Gipi porta scolpiti sul suo volto i segni del nicotinomane incallito: denti marci, pelle rugosa, colorito spento. Sbattuti orgogliosamente in primo piano a riempire lo schermo di una vendetta personale. Se la via intrapresa dal diario casalingo “Smettere di fumare fumando”, cronostoria di un'astinenza in concorso al 30° Torino Film Festival, è a tutti gli effetti quella amatoriale, la costrizione di trovarsi immersi in un contatto ravvicinato con tale aggressiva fisionomia ci trasmette una percezione molto vicina alla terza e persino quarta dimensione, lasciandoci più volte la terribile sensazione di inalare le folate di quell'alito mefitico. La rabbia e la frustrazione accumulate in una carriera non dovutamente apprezzata esplodono in una sfida frontale, uno sfogo a viso aperto per cui il fumo è solo un pretesto.

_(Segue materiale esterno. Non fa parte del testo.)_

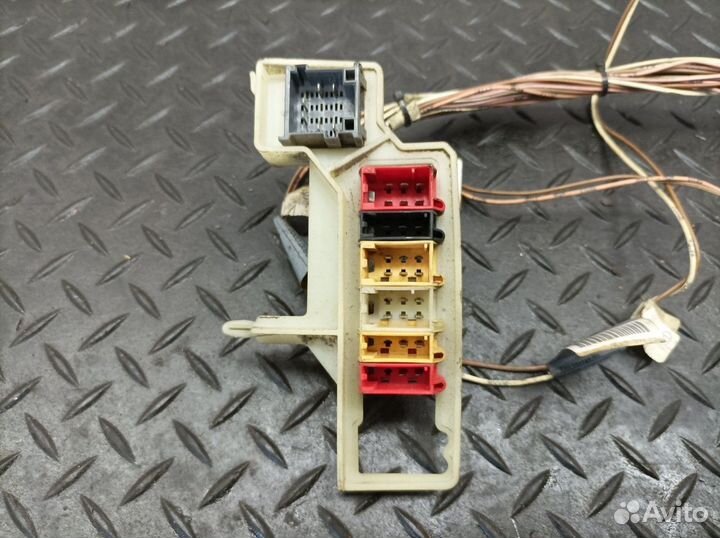 81254296840 Электропроводка кабины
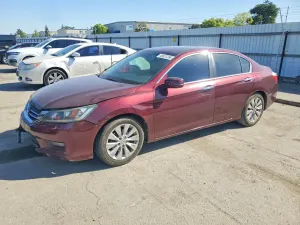 Honda Accord 2.4L 4 2014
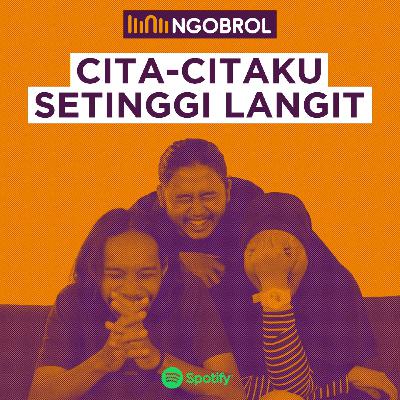 Vol. 11 CITA-CITAKU BUKAN CITA CITATA Vol. 11 CITA-CITAKU BUKAN CITA CITATA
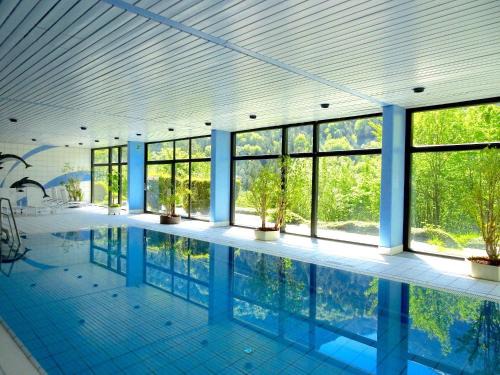 Bad Reichenhall Apartment | Ferienwohnung 424 mit Hallenbad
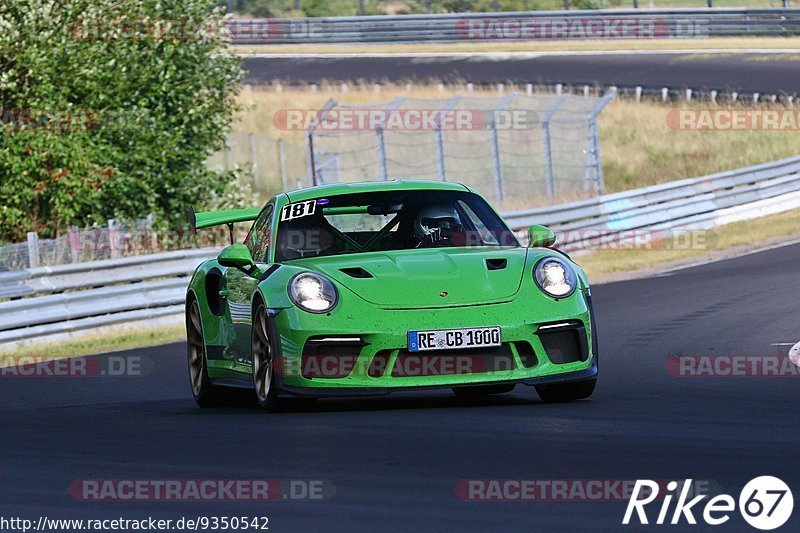 Bild #9350542 - Touristenfahrten Nürburgring Nordschleife (29.06.2020)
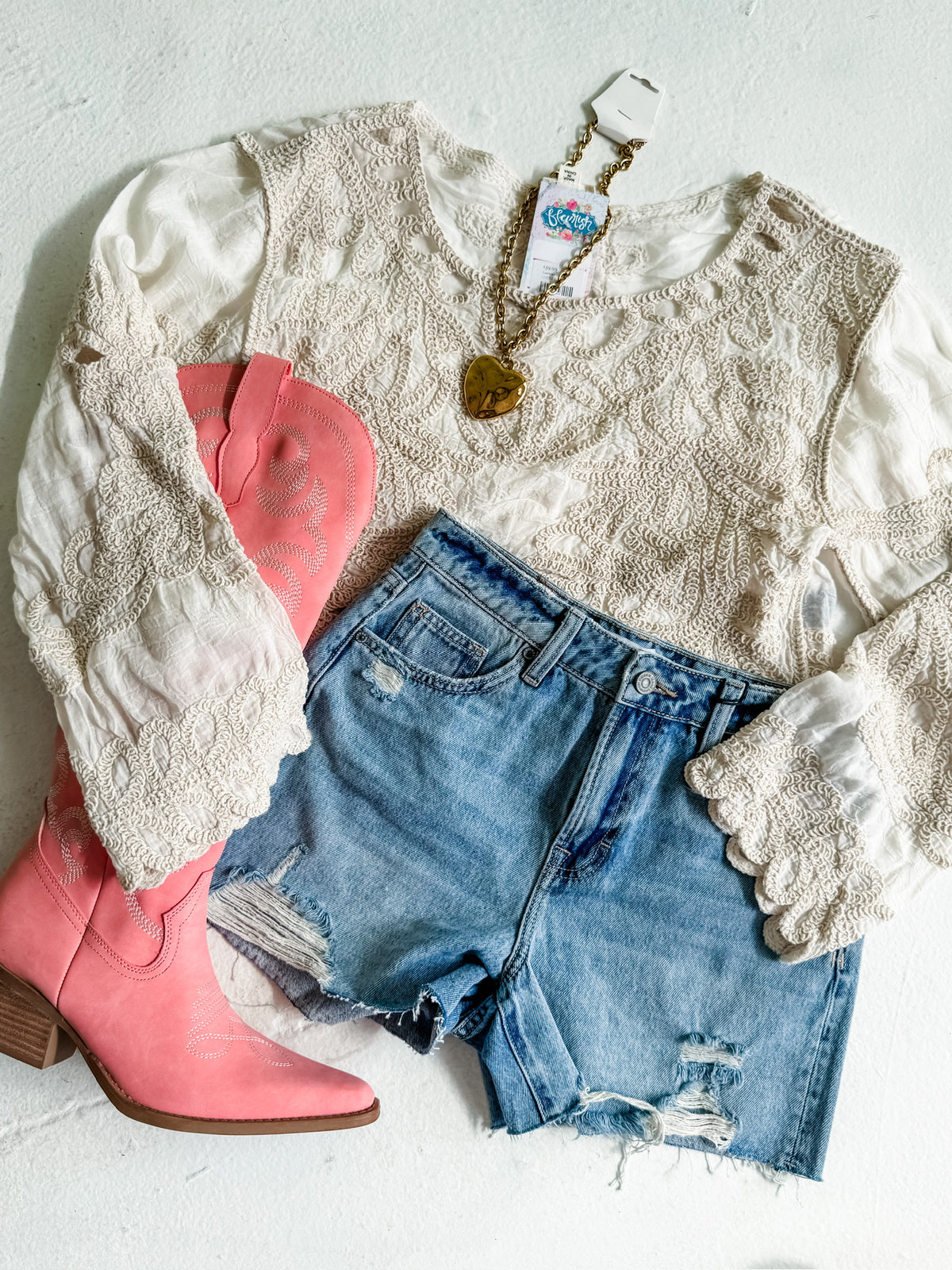Summer Love Top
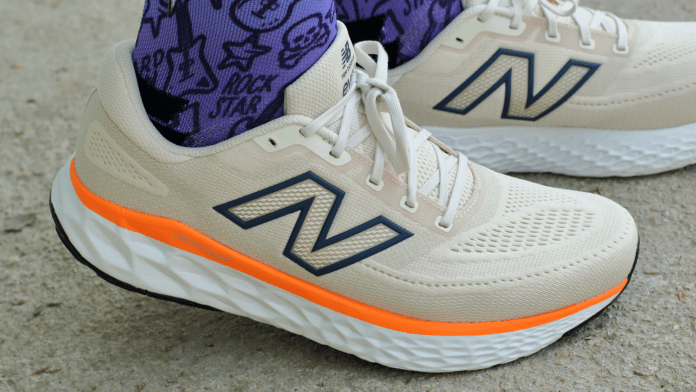 New Balance Fresh Foam X Evoz v4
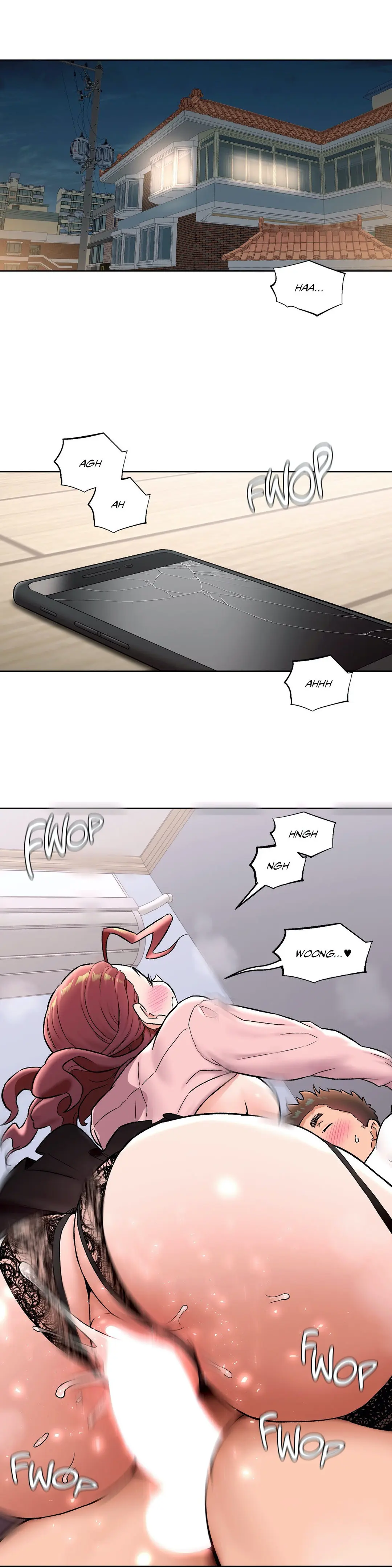 Sex Exercise Chapter 62 - Page 10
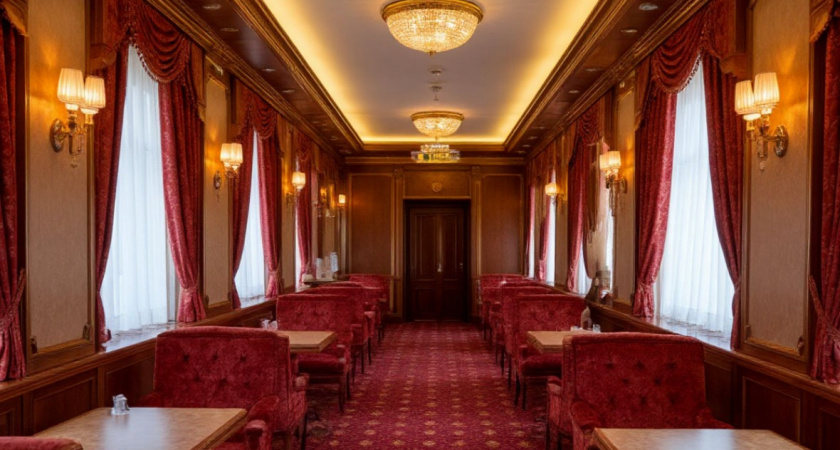 Вагоны-люкс в поездах РЖД: как выглядят и что входит в стоимость?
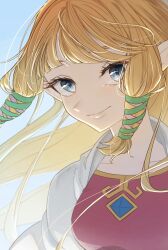princess zelda from the legend of zelda
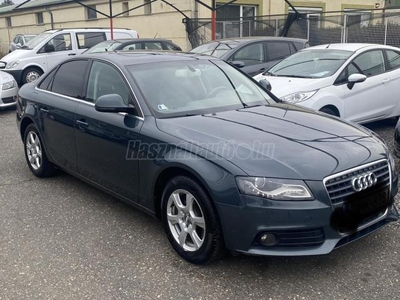 AUDI A4 2.0 TDI DPF Magyarorszagi ! Szervizkonyves!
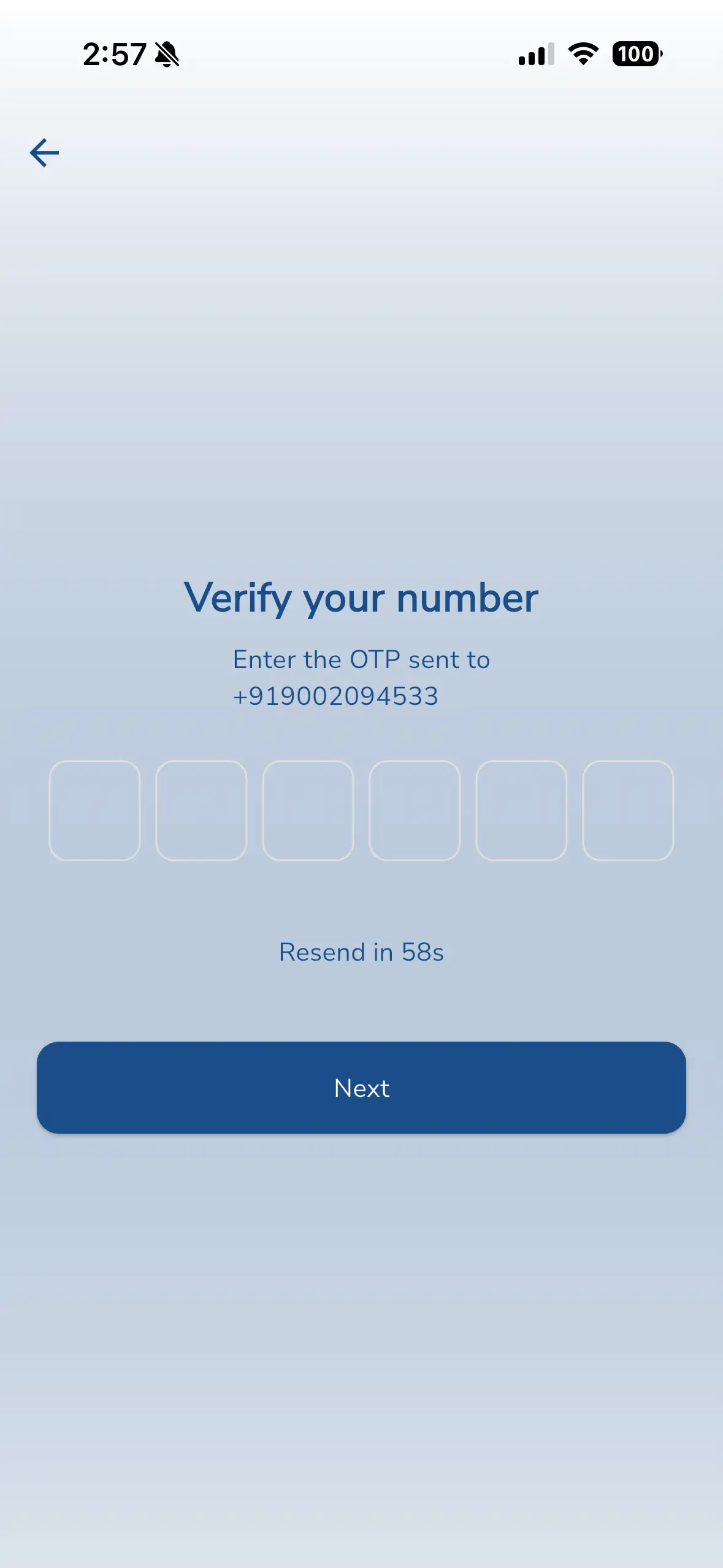 Project Screenshot 4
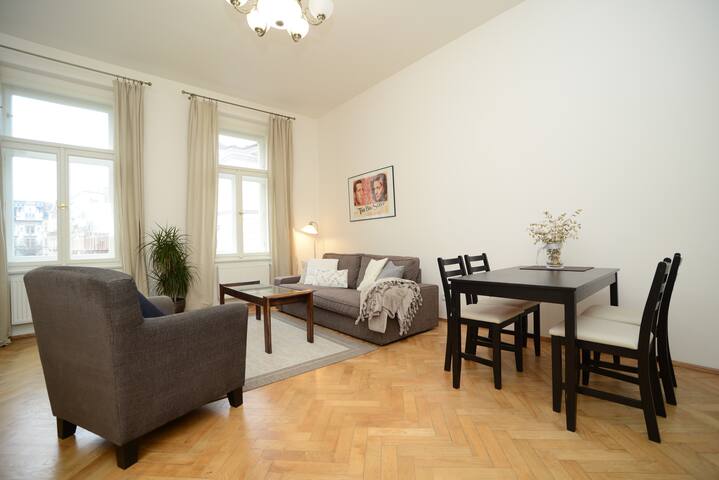 Quiet apartment in the Old Town gallery image 5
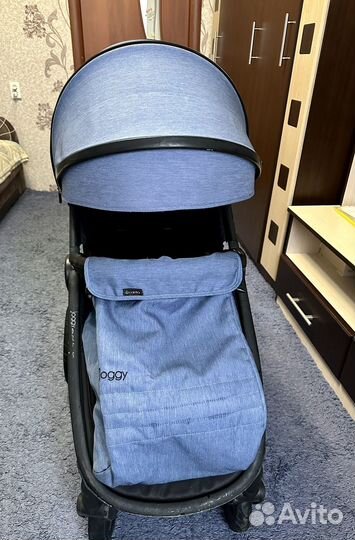 Прогулочная коляска coletto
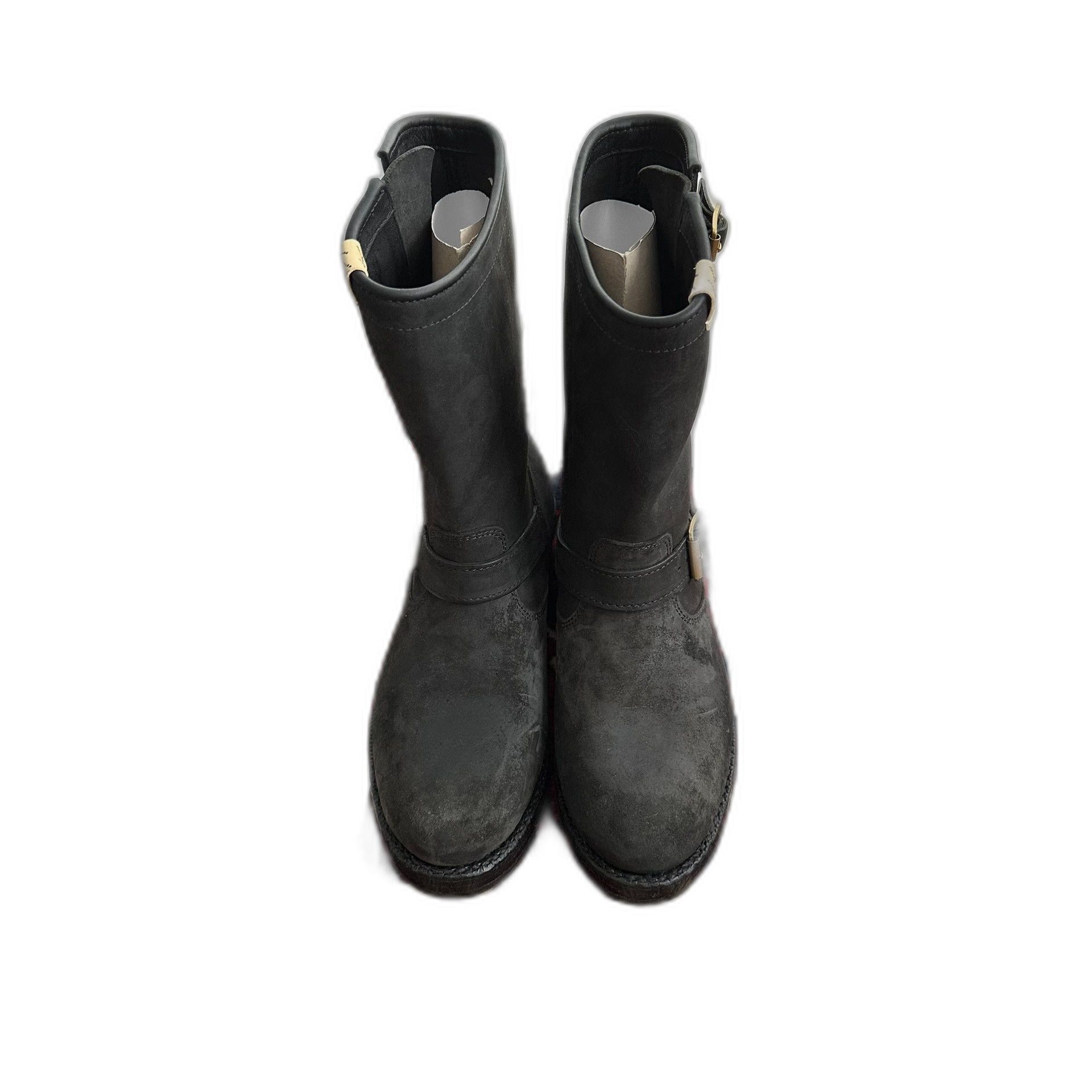 Visvim VISVIM 26SS T.W.O. Engineer Boots 8.5 Size US 8.5 / EU 41-42 - 1 Thumbnail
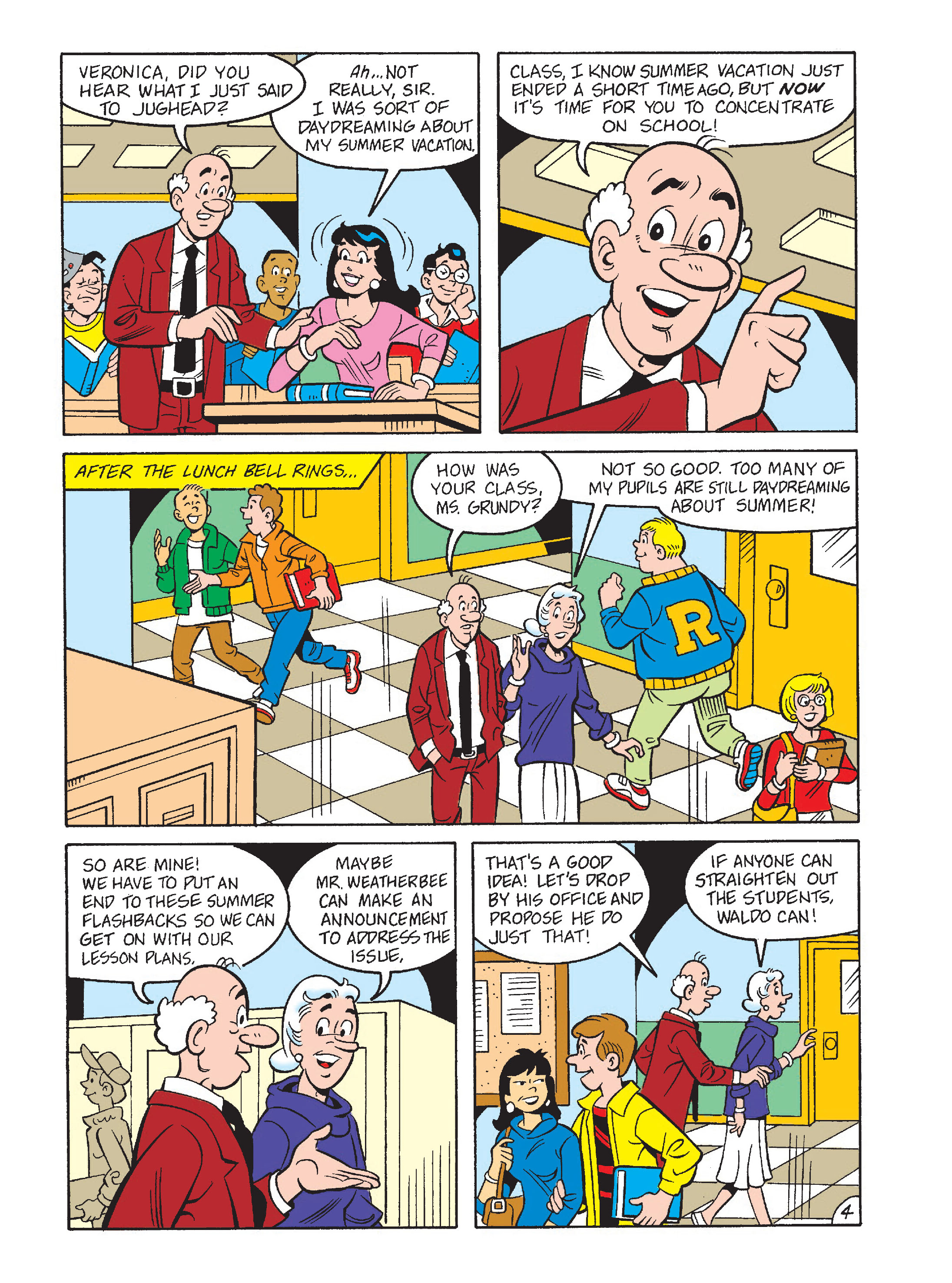 Archie Comics Double Digest (1984-) issue 343 - Page 15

I reali intenti dell'operazione infatti sono presto svelati, e le provocazioni narcisistiche che qualcuno ha definito “morettiane”, pronte a scagliarsi contro i nemici che avevano massacrato il precedente “
L'ultimo terrestre”. Il critico qui non viene tormentato nel sonno come in “
Caro diario”, ma irriso in conversazioni telefoniche che lo vorrebbero perennemente confinato in bagno, ad assegnare ai propri oggetti di analisi, nell'ossessiva/compulsiva tendenza citazionistica, metafore e riferimenti non sempre veritieri (in una scena Gipi e la compagna, seduti nel silenzio assordante di una cucina, indossano una maschera da ippopotamo, giustificato come omaggio a
Bud Spencer anziché ai “
Rabbits” di
David Lynch).
Ma il punto è capire fin dove può spingersi oggi l'uso privatistico del mezzo cinematografico, e se per certi esperimenti ormai non sia più opportuna la piattaforma di youtube, che offre visibilità planetaria e garantisce perlomeno libertà di fruizione, piuttosto che la sala di un festival che sfrutta il pubblico ponendolo in una condizione di vittima passiva, marionetta del divertimento di un singolo, complice obbligato di un gioco dispettoso. Per tornare a Lynch, “
INLAND EMPIRE” aveva già aperto il dibattito sulla mancanza di considerazione dell'utente finale, ma comunque il godimento estetico trasmesso dal maestro interveniva in favore di un'assoluzione con formula parziale. Per stessa ammissione di Gipi invece, non basta nemmeno questo a salvare “Sdff”, poiché “Il film non
ha nessuna velleità artistica, l'ho fatto solo per me, per avere un'occupazione mentale”.